Culpable

Trabajo universitario

Entré corriendo al lago, con ropa y zapatos. No me importó que mi celular hubiera estado en mi bolsillo o que mi chaqueta se pudiera arruinar. Entré hasta que el agua me llegó a la cintura y me sumergí completamente. Con el apuro, no me había dado ni cuenta de donde estaba. Era un lago grande, rodeado de bosques verde oscuro. Me enjuagué la cara y las manos y vi como teñía el agua al rededor mío. Me moví un poco más hacia la derecha y me enjuagué nuevamente.

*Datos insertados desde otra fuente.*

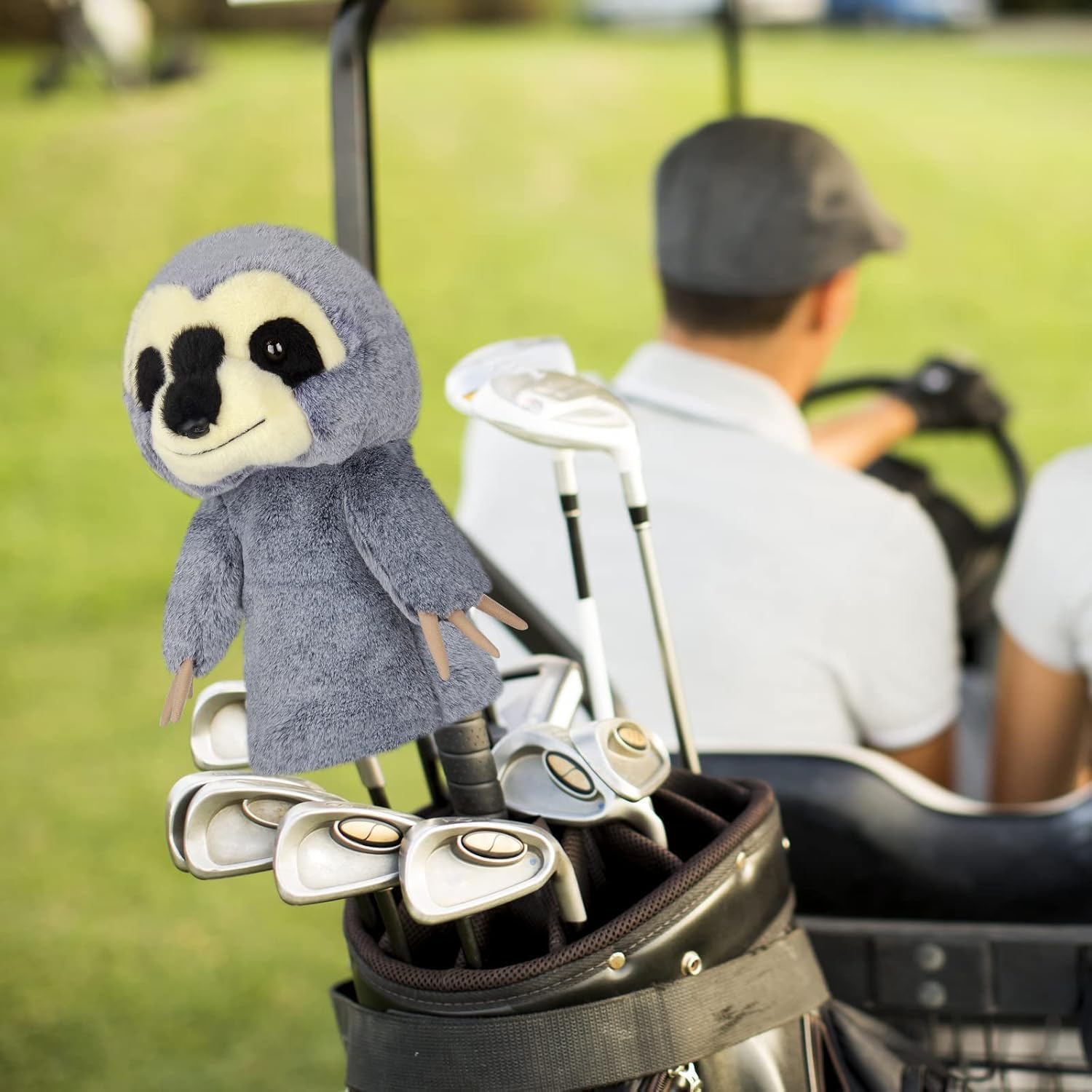 Copritesta per mazze da golf, motivo bradipo, divertente copritesta per mazze da golf, adatta a driver da 460 cc, regalo per uomini e donne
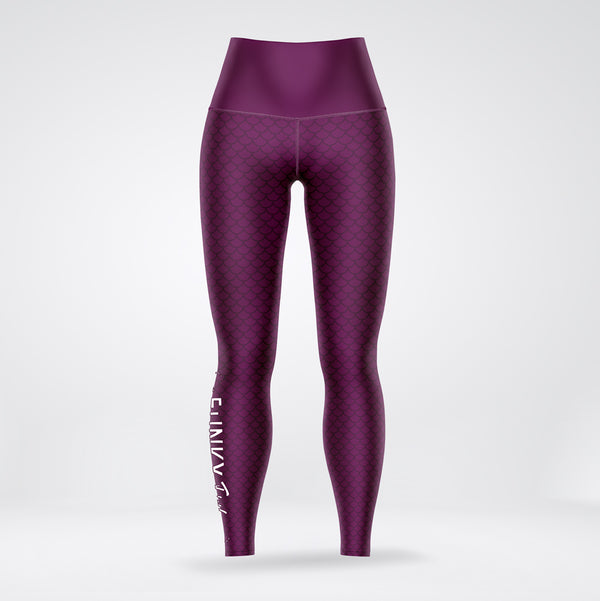 Ladies Fishing Leggings - Purple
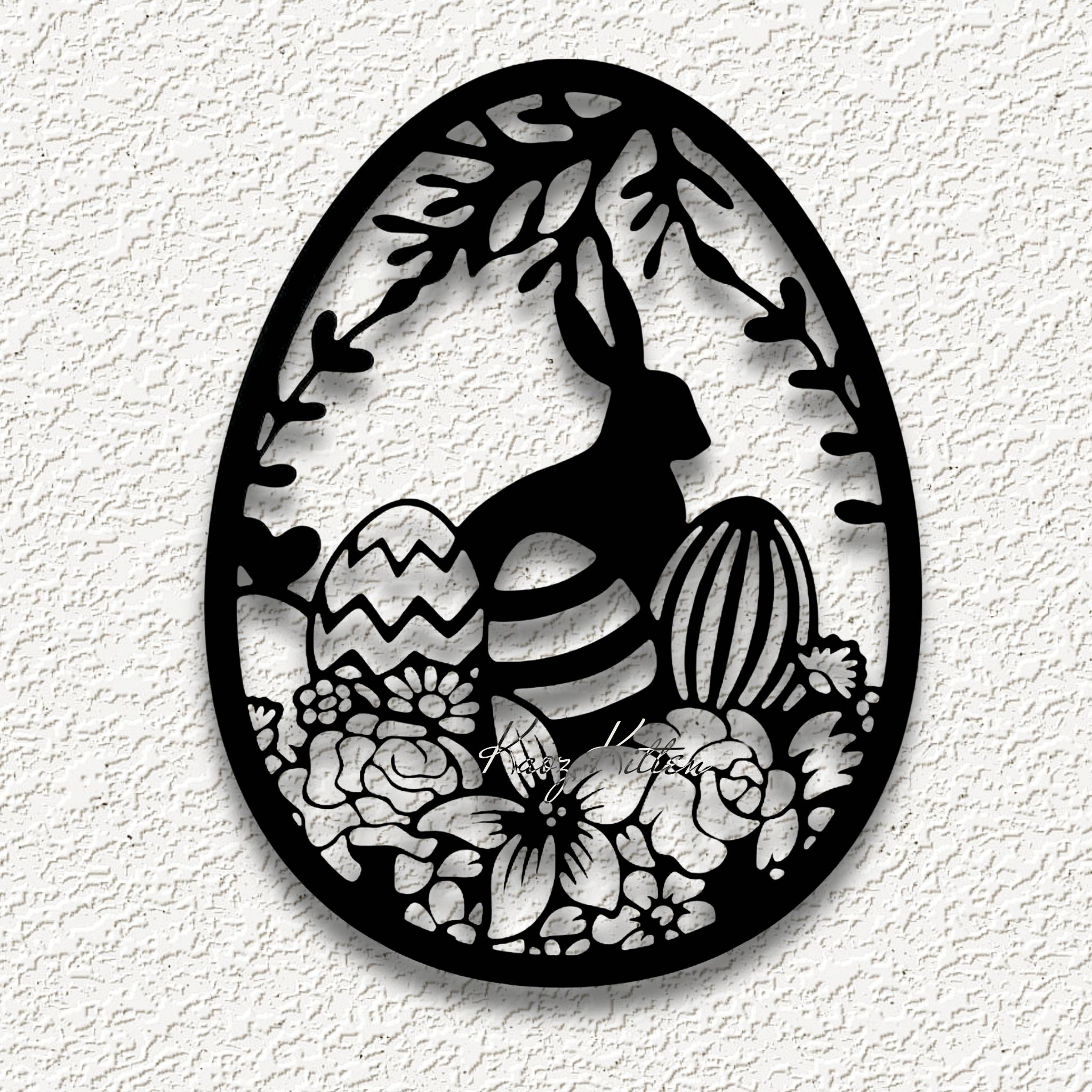 easter bunny egg flowers WALL ART HOME DECOR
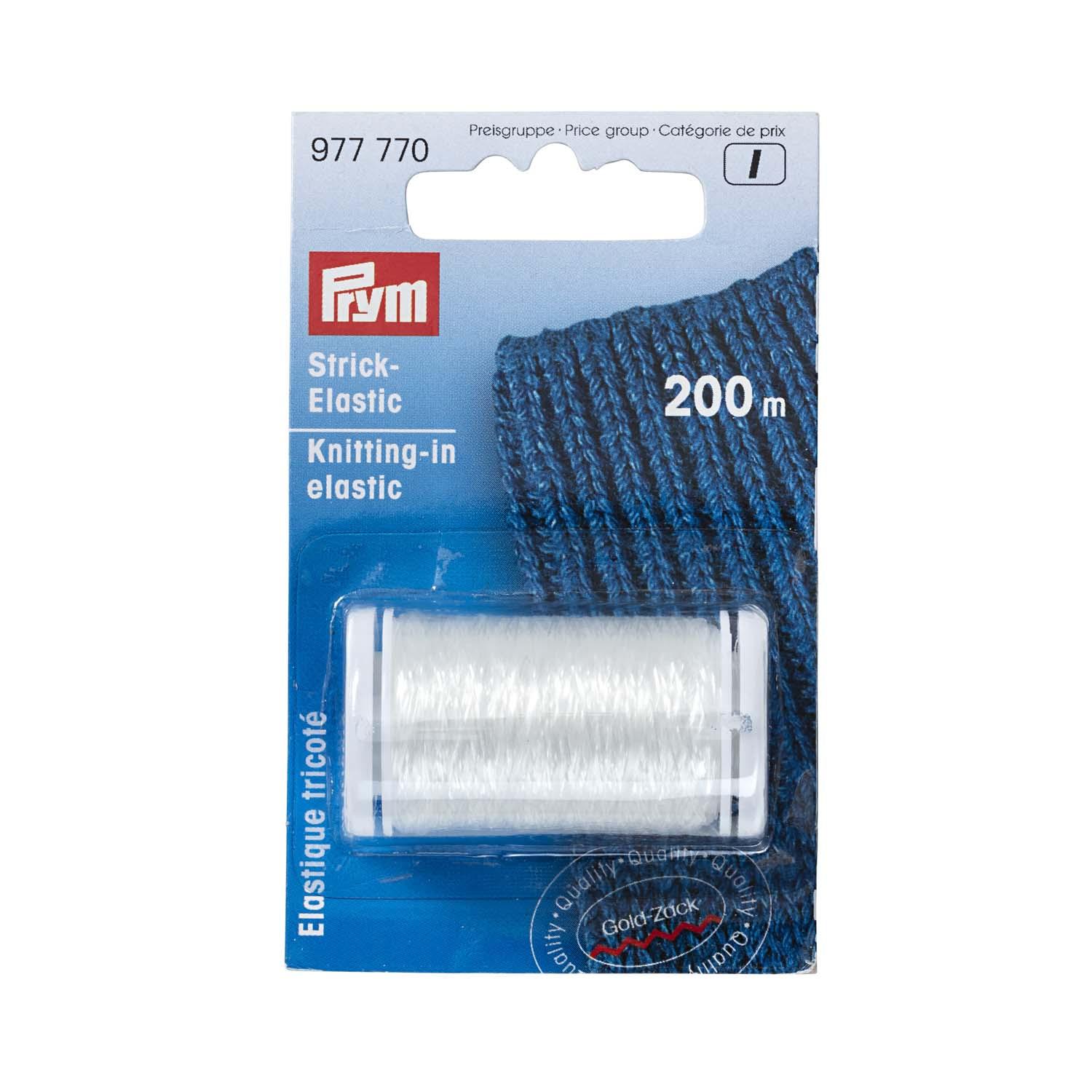 Prym Strick-Elastic Beilaufgarn transparent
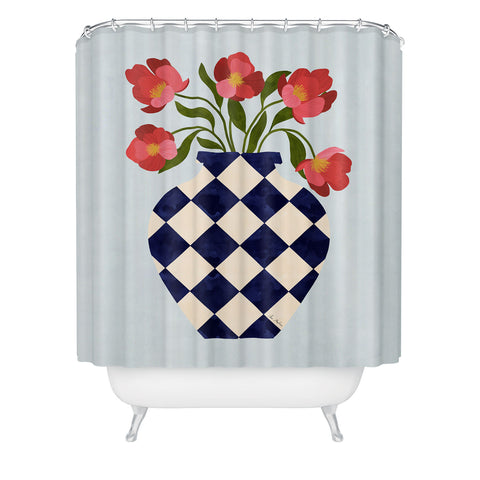 El buen limon Roses and vase with diamonds Shower Curtain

Aún dentro del lago, me saqué los zapatos y los tiré a la orilla. El azul del agua era un azul intenso, no como cuando se refleja el cielo, sino que era su propio color azul. Un azul intenso, vivo. El agua estaba helada y me imaginé esa agua atravesándome la piel y helándome la sangre. Volví a enjuagarme las manos con esa agua tan helada y vi de nuevo el bosque, solo que ahora me fijé en el bosque que se reflejaba en el agua. Me gustaba más que el real. El real escondía muchas cosas, era demasiado sombrío. El bosque del agua se desfiguraba y parecía borroso, era irreal y podía desaparecer o disolverse y que no fuera más bosque. Me enjuagué las manos por última vez y vi el lago también por última vez y me salí dándole la espalda a ese paisaje.